## Exercise details
Below are the entries. Print only the lines starting at the one with "The Strap Necklace, a" and ending at the one with "Teddy bear. Much-loved", exactly, with no pictures.

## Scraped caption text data
--- START ---
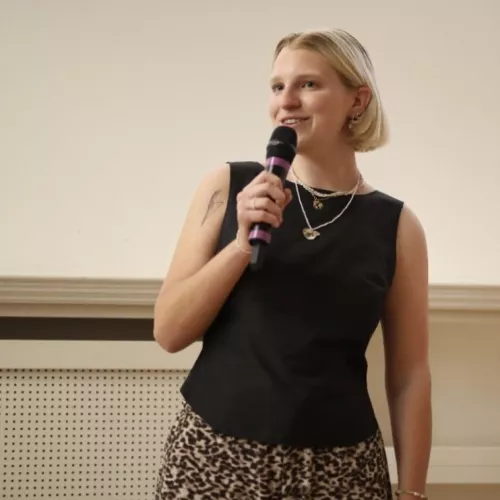Eine Person spricht lächelnd in ein Mikro. Sie trägt ein schwarzes Oberteil und hat kinnlange, blonde Haare.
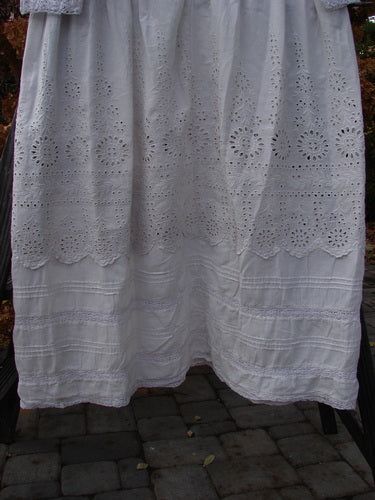 A white lace curtain on a clothesline, close-up of a white dress, and a close-up of a bed. Magnolia Pearl European Cotton Eyelet Lucienne Dress in Antique White.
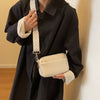 A woman wearing a black coat holds a cream vegan PU crossbody bag with a patterned strap.
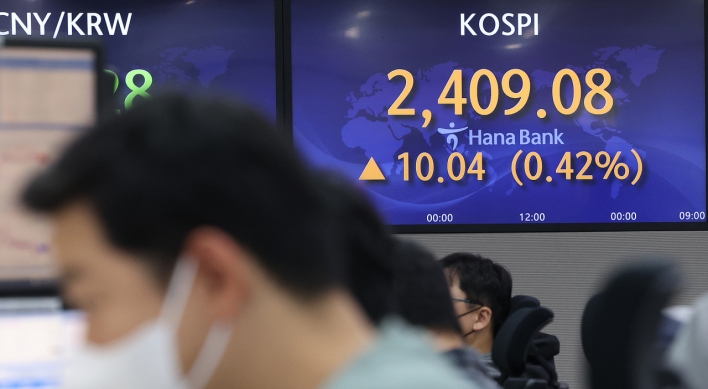 Seoul shares open tad higher ahead of US midterm election results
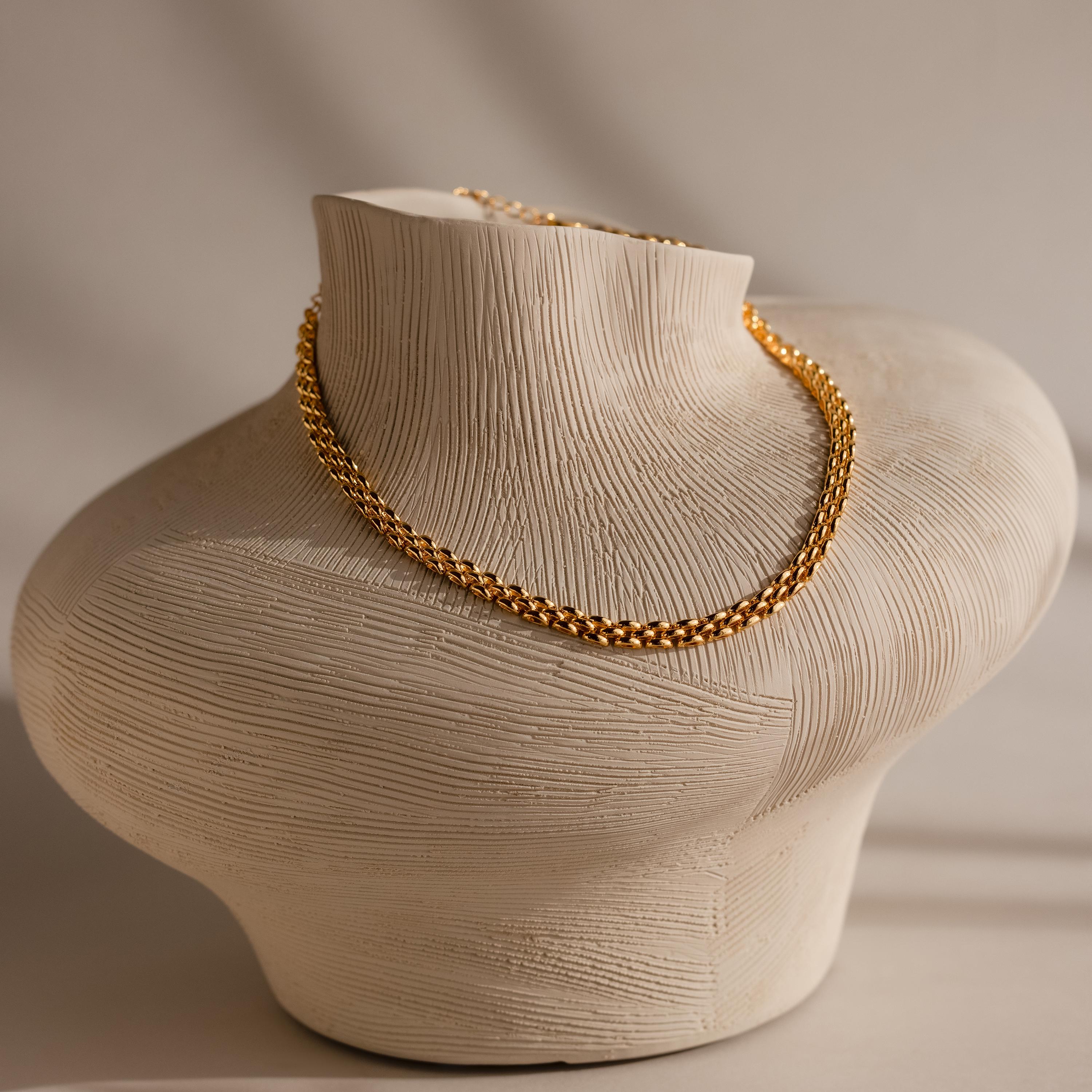 The Strap Necklace, a luxury gold chain with interwoven links, is displayed on a textured beige sculpted bust against a neutral background.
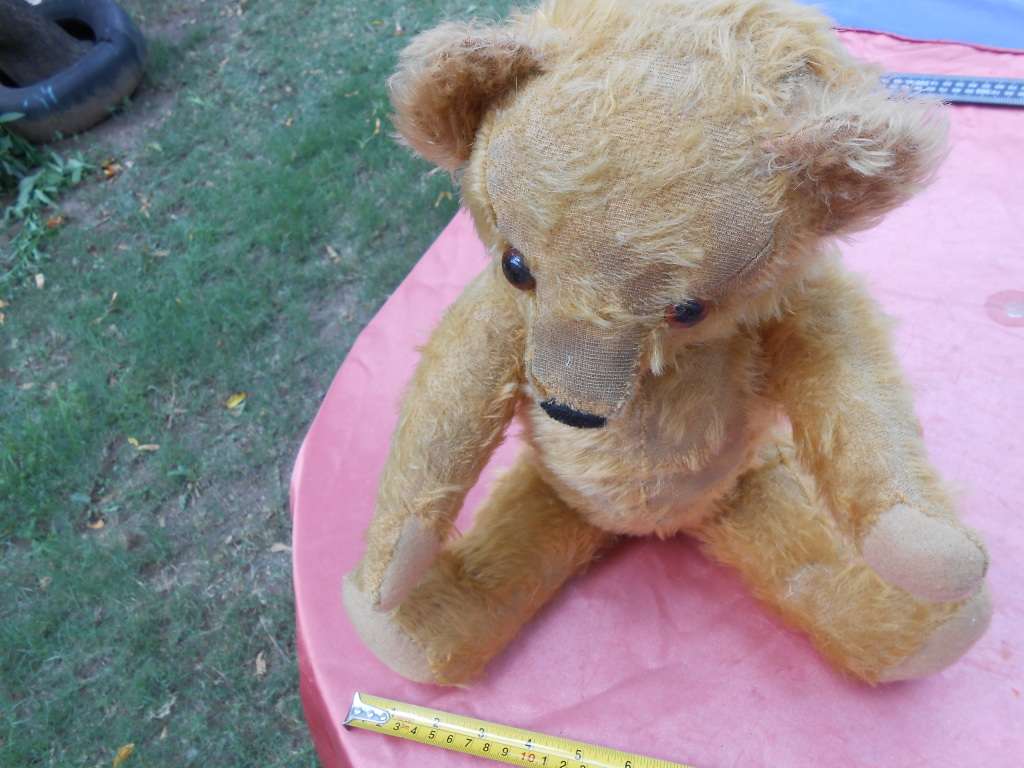 Teddy bear. Much-loved condition - one ear has been sewn back on - as per photo.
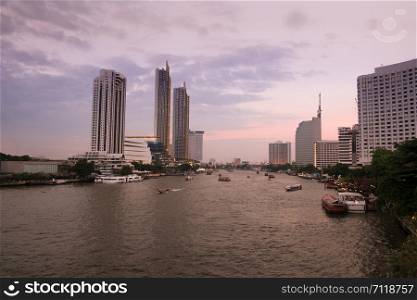 Landscape view of sunset at Chao Phraya river with a view of boats and modern buildings along the riverside. Bangkok, Thailand.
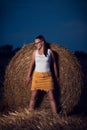 Woman portrait with hay in nature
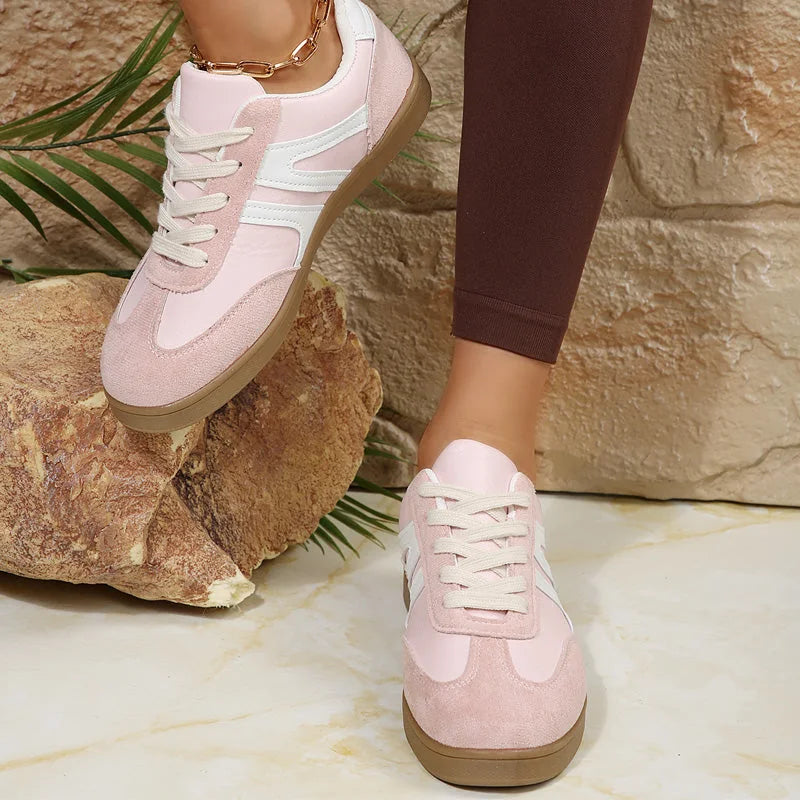 Pink walking trainers for women, front on foot studio view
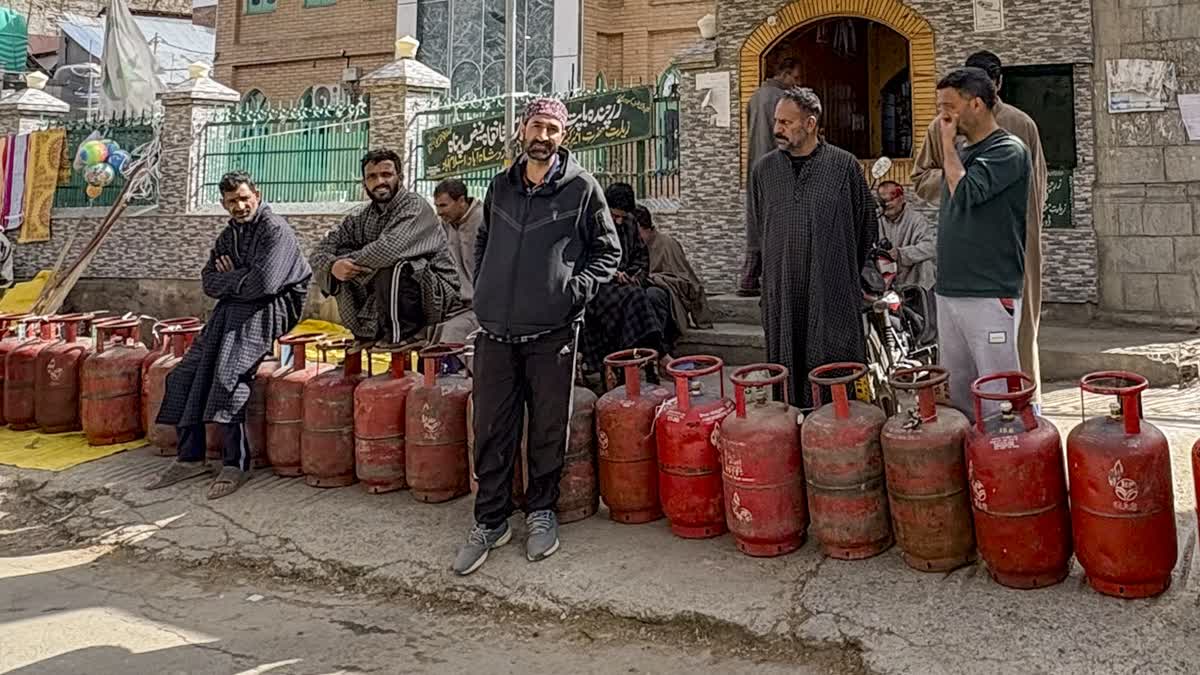 People wait with empty LPG cylinders to avail the refilled ones amid ongoing supply crisis, in Anantnag, Jammu and Kashmir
--- END ---
## Response box
 The Strap Necklace, a luxury gold chain with interwoven links, is displayed on a textured beige sculpted bust against a neutral background.
 Teddy bear. Much-loved condition - one ear has been sewn back on - as per photo.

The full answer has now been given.